In the absence of sound reasons,
denials of parole applications of this kind may rob prisoners of hope
as they are left with no
clear way to demonstrate rehabilitation and
earn their freedom. A decision not to release a sentenced offender
under these circumstances
may be irrational in that the evidence and
information do not support the decision and do not justify the
decision-maker's conclusion.
It can thus be reviewed in terms of PAJA
on such grounds.
[76]
Thus,
crudely summarised, “irrational” refers to decisions
taken without adequate evidence or reasoning. This should
be
distinguished from a legitimate expectation that entails the
expectation of a fair procedure being followed (at the very least),
or that a certain outcome will be afforded, but only if this can be
based on a reasonable basis, arising from an undertaking given
by an
administrator or an administrator’s long-standing practice.
[16]
[77]
A
common concern raised in court (Mr Sikhosana, Mr Mbehele and Mr
Lephaila expressly so) was that a requirement is repeatedly imposed
that the sentenced offenders must repeat programmes they have already
completed and can be considered again for parole only after
18 –
24 months. The requirement that an offender redo a successfully
completed rehabilitation programme in order to be eligible
for parole
may in the absence of other warranting factors be arbitrary,
capricious and possibly irrational.
[17]
If the effect of repeated recommendations is that the inmate will
never be placed on parole, this may well conflict with the
Constitution.
[78]
Mr Mbhele indicated that the CMC,
the CSPB and the NCCS recommended him for parole, but the Minister
decided not to place him on
parole (after taking 4 years to make the
decision). It is not clear from the affidavits on behalf of the
Minister why the Minister
disagreed with the recommendations. This
may well afford a basis for concluding that the decision is
irrational, but Mr Mbhele
did not make out this case before me, even
on a generous interpretation of his affidavit. What would have been
helpful is if he
provided the recommendations to the court, stating
expressly how he complied with the recommendations, together with the
recommendation
and reasons of the Minister, setting out why the
Minister’s decision was not rational. The Minister would then
have to explain
why the decision was rational.
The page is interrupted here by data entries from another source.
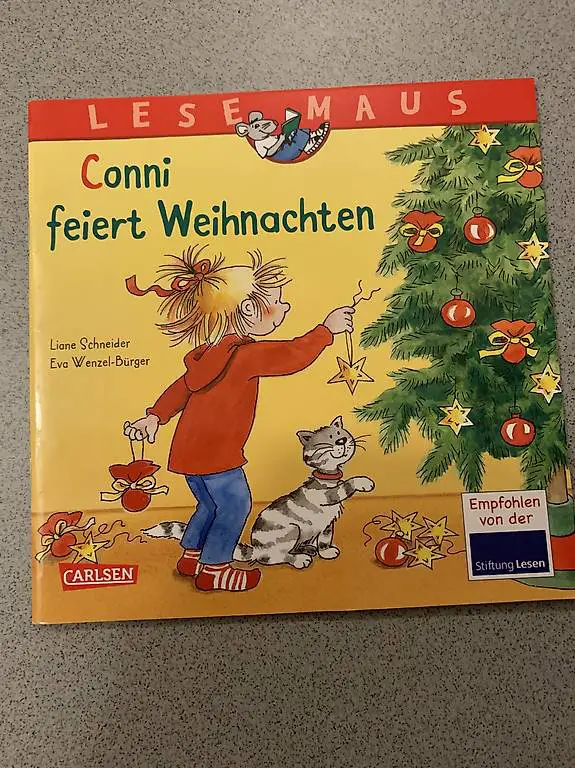 Lesemaus/Maxi Pixi "Conni feiert Weihnachten"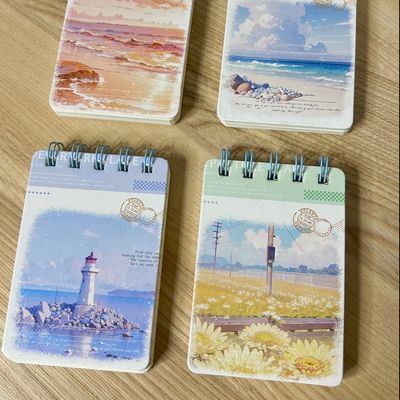 دفترچه (تم طبیعت)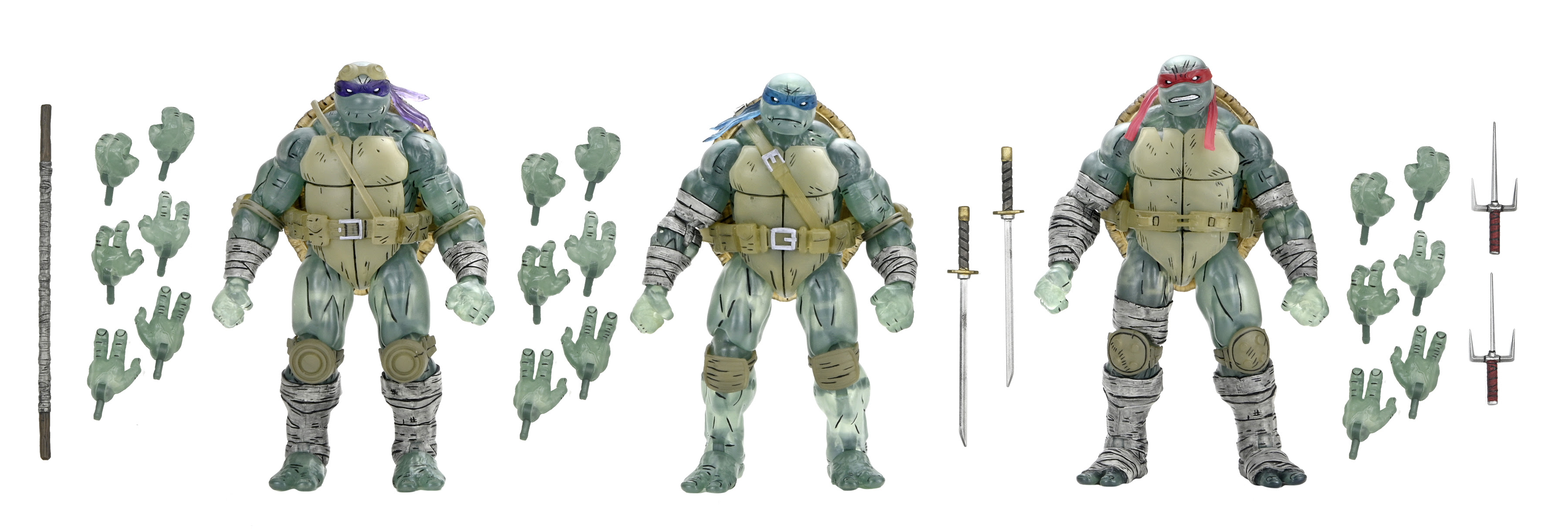 Teenage Mutant Ninja Turtles: The Last Ronin Ghost Brothers 3-Pack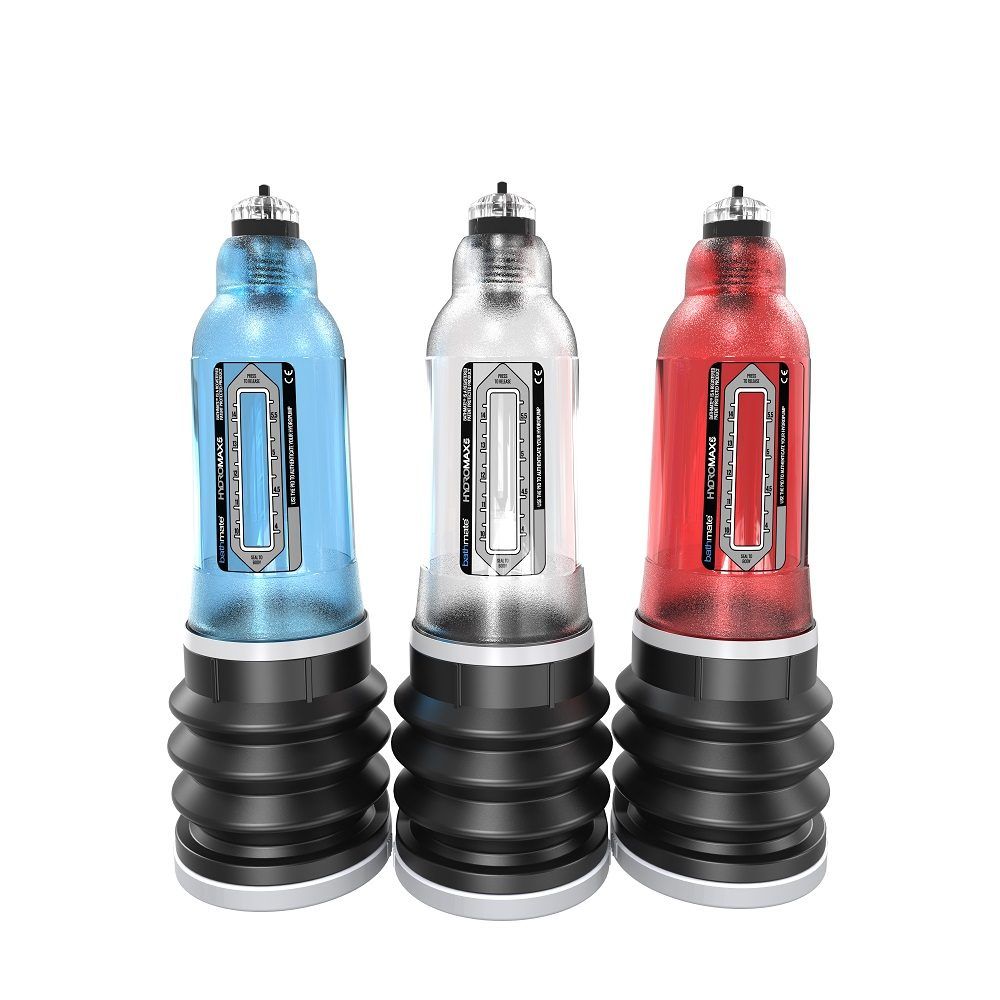 Hydromax系列(以前稱為Hydromax X系列)是Hydro Pump發展的下一個階段。開發創新的Bathmat... Bathmate - Hydromax 5 增大泵 - 紅色 照片-6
Only once the court
has all this information, can the court review the decision.
# The applicability of PAJA
The applicability of PAJA
[79]
What is clear is that the Minister’s
decision is an administrative action. PAJA defines an administrative
action as –
“
administrative
action” means any decision taken, or any failure to take a
decision, by—
(a)
an organ of state, when—
(i)
exercising a power in terms of the Constitution or a provincial
constitution;
or
(ii)
exercising a public power or performing a public function in terms of
any legislation;
or
(b)
a natural or juristic person, other than an organ of state, when
exercising a public power
or performing a public function in terms of
an empowering provision, which adversely affects the rights of any
person and which
has a direct, external legal effect, but does not
include—
[…]
Failure to make a
decision
[80]
Under PAJA, failure to make a
decision can also be an administrative action. The decision is then
defined as a decision that is
proposed or required to be made under
an empowering provision. This element of decision implies a finality
in administrative action
and will apply to the entire process. The
Minister’s failure to make a decision is also an administrative
action.
[81]
In terms of ss 6(2)(g) and s 6(3) of
PAJA, a court may review an “administrative action” –
including a failure
to make a decision – if there is a duty on
the administrator to make a decision and they have not done so.
[82]
The words “may” in
contradistinction to “shall” may sometimes indicate a
mere power as opposed to a duty
on the administrator to act. This
must, of course, be viewed in light of the purpose of the empowering
provision, which must be
interpreted in light of the Constitution.
While s 78 of the 1988 Act grants the Minister the power to decide
based on favourable
advice from the NCCS, s 75(3) uses the word “may”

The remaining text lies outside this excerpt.